By Paul Vieira

OTTAWA--The Bank of Canada kept its main interest rate unchanged at 5% on Wednesday, and said senior officials are focused on how long the rate needs to stay at its current level to wrestle down stubbornly-high inflation.

Bank of Canada Gov. Tiff Macklem said the central bank has not ruled out further policy rate increases should new developments, such as a widening conflict in the Middle East, push prices higher. However, he said based on ample evidence of weakness among consumers and businesses, deliberations among senior officials ahead of Wednesday's rate decision shifted "from whether monetary policy is restrictive enough to how long to maintain the current restrictive stance."

In a statement outlining its rationale, the Bank of Canada said it expects inflation to remain close to 3% over the first half of 2024, before slowing gradually and reaching 2% in 2025. The central bank sets rate policy to achieve and maintain 2% inflation. The central bank said measures of core inflation, which strip out volatile items like food and energy, "are not showing sustained declines."

Macklem, in prepared remarks he was set to deliver at a press conference later Wednesday morning, said senior officials are "concerned about the persistence in underlying inflation. We want to see inflationary pressures continue to ease and clear downward momentum in underlying inflation."

Inflation in Canada picked up steam in December, climbing 3.4% from 3.1% in the previous month. More important for the central bank, Canadian core inflation also accelerated in December, up 3.65%, based on an average of the Bank of Canada's preferred gauges, from 3.55% in the prior month.

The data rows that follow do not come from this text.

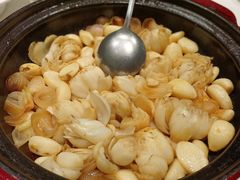 -和记小菜(七宝店)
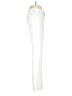 IMAN Ivory Casual Pants Size 2 - photo 4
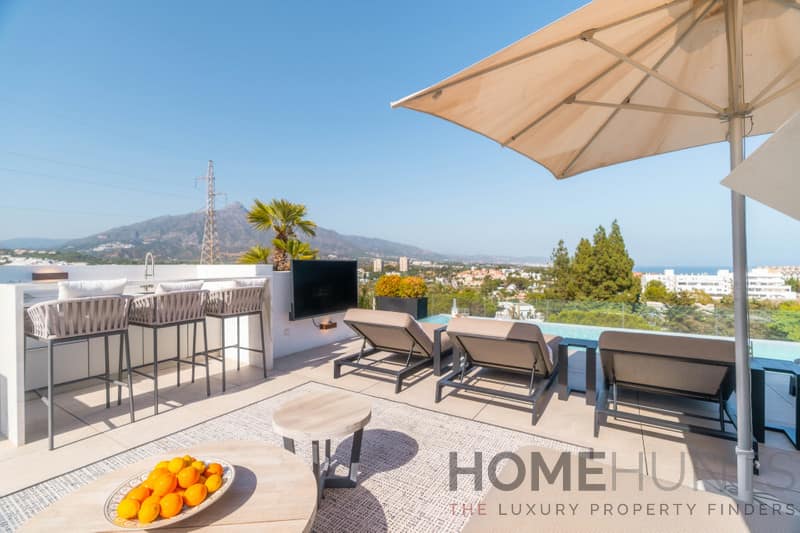 property_HH-15865085-4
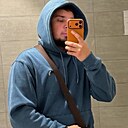 Ваня, 23 года
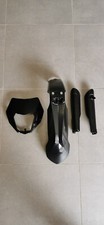 Plastiche ktm 125 usato  Maglie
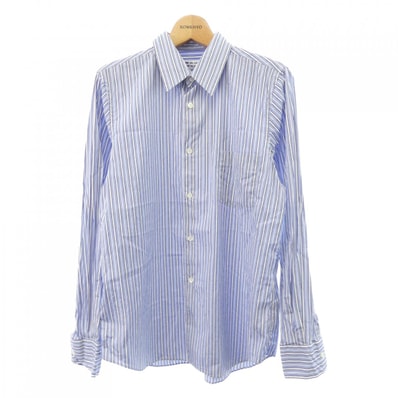 コムデギャルソン COMME des GARCONS RQ-B006 シャツ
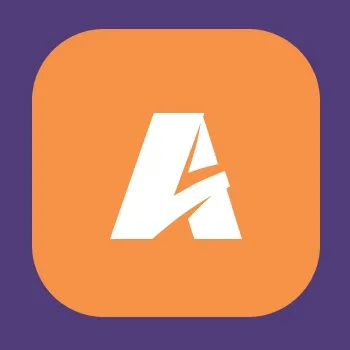 Akanivutar — отзывы и рейтинг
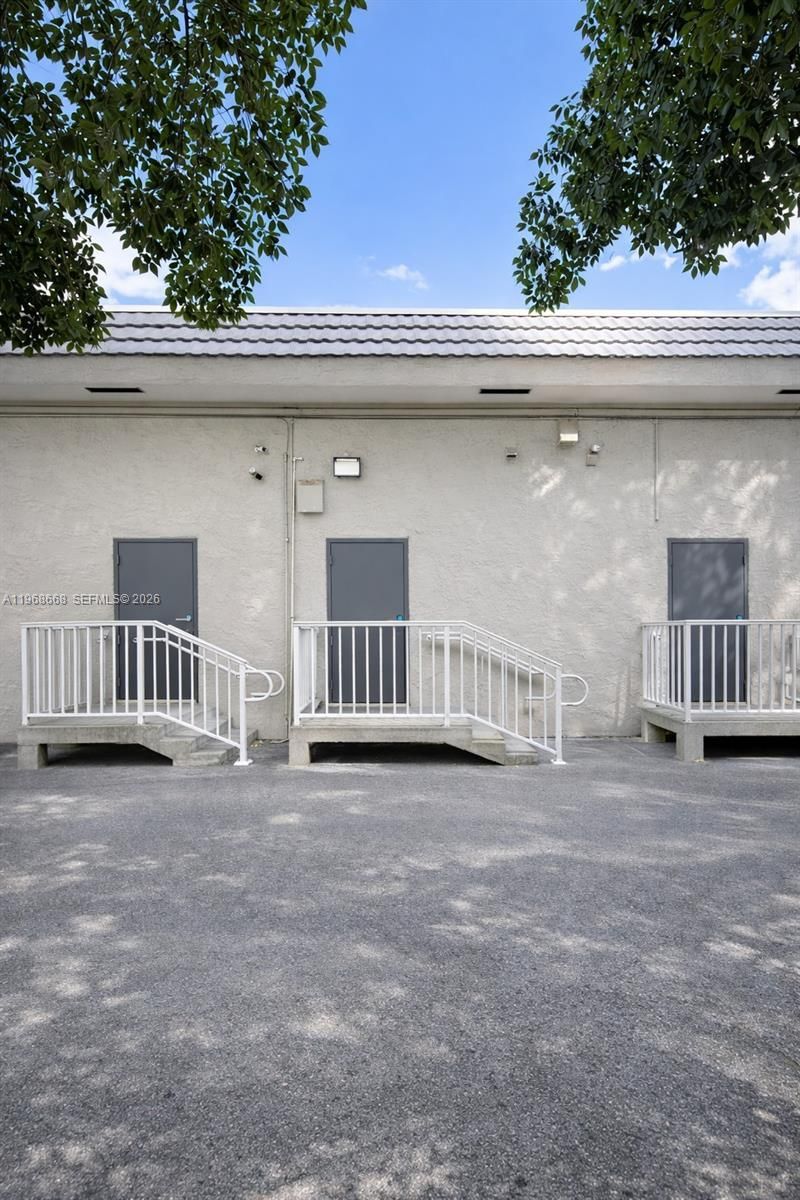 7842 Coral Way , Miami, FL 33155 Photo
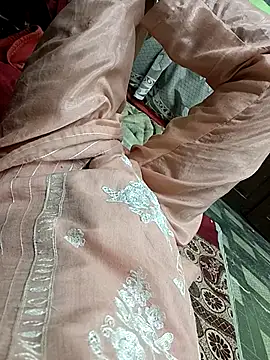 QUEEN-X-CPL online show from 25, 2, 2025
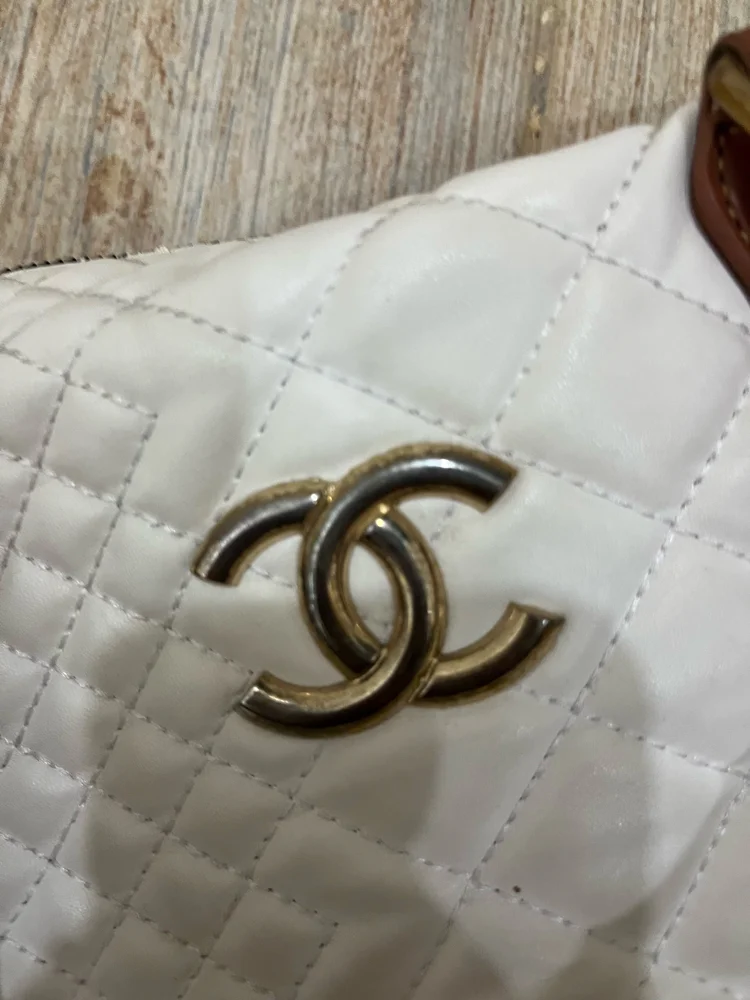 Chanel Handbags, size Other, photo 3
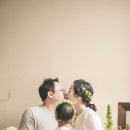 엠제이플라워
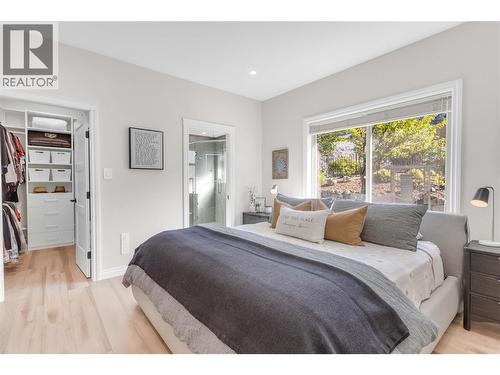 1113 Mt Fosthall Drive, Vernon, BC 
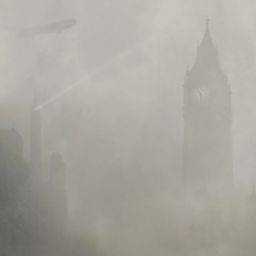 SlavnyRytirZroutDonutu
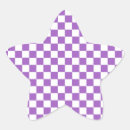 Search for star pattern stickers Party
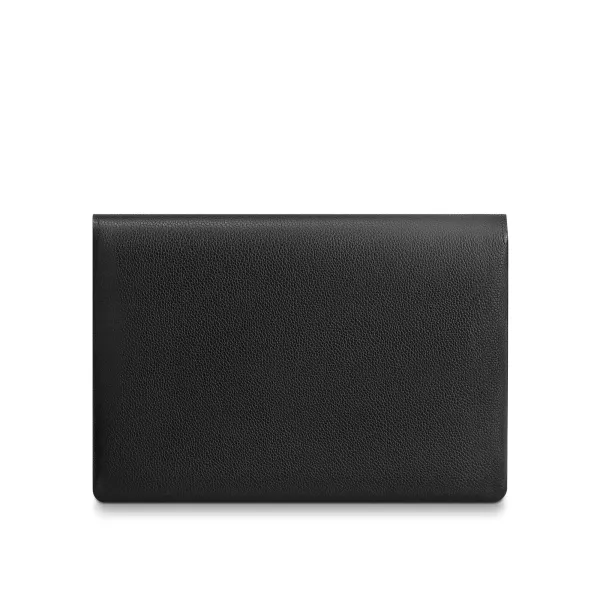 Mylockme Pochette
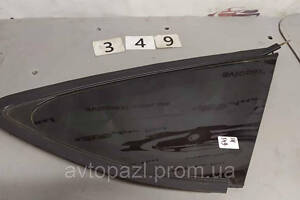 SK0349 4G8845300 Форточка зад R (2) VAG Audi A7 10- 0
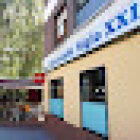 Cervecería Siglo XXI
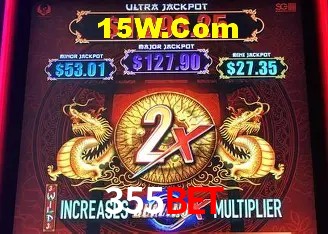 VIP Bronze Benefits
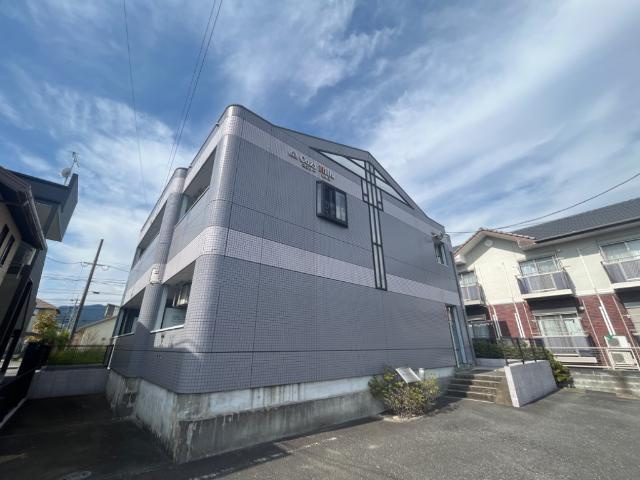 Cｏｚｙ　Ｈｉｌｌｓの外観|外観写真（昼）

The policy decision, the first in 2024, marks the fourth consecutive fixed-date rate announcement in which the Bank of Canada kept its target for the overnight rate steady at 5%. All 14 economists surveyed last week by The Wall Street Journal predicted no change in the policy rate, with inflation and wage growth at elevated levels. Ten of the 14 economists polled indicated rate cuts are expected before the end of June.